Aim of the task: At the line with "T Pave CZ Adjustable Ring", start transcribing; stop after the last line of the data below. Keep it exact and leave pictures out.
[Opening Dataset content section]
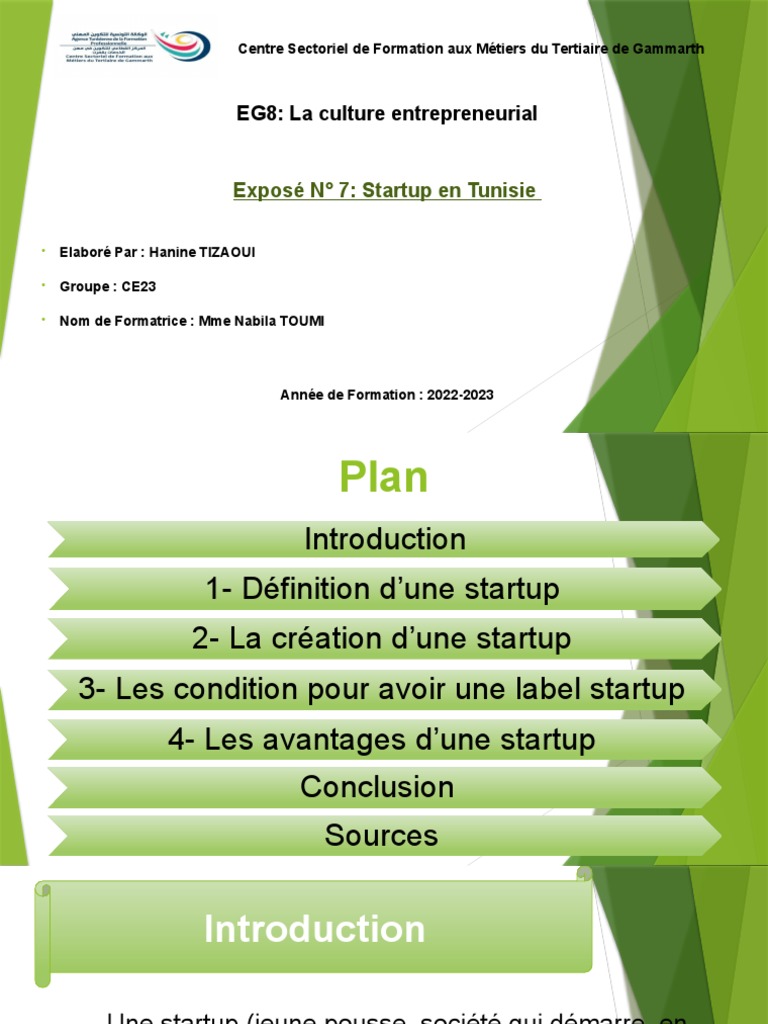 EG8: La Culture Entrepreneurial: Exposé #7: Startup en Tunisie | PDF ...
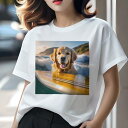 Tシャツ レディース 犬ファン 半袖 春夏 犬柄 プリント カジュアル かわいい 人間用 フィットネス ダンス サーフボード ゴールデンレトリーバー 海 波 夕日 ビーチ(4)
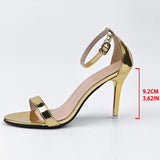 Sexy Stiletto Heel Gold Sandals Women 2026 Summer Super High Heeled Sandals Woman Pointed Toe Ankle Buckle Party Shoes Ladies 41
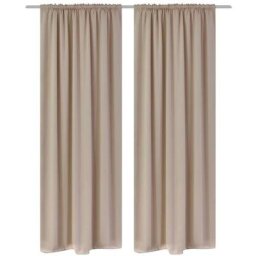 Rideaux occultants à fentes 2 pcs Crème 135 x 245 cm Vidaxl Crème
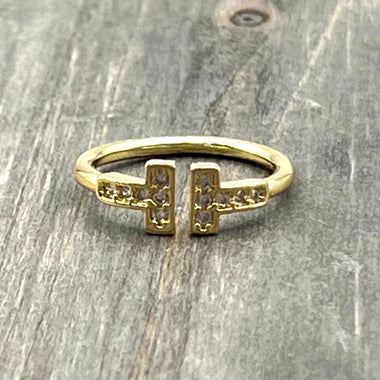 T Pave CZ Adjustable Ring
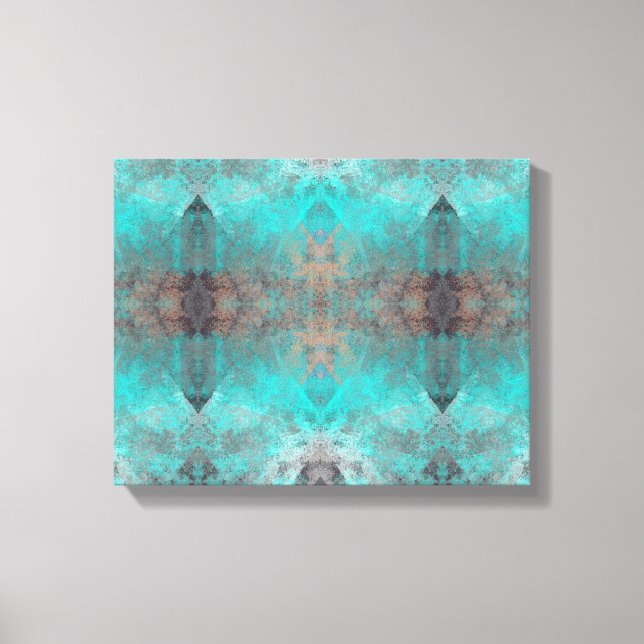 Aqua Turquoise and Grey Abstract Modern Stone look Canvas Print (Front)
[Closing Dataset content section]
Task solution:
 T Pave CZ Adjustable Ring
 Aqua Turquoise and Grey Abstract Modern Stone look Canvas Print (Front)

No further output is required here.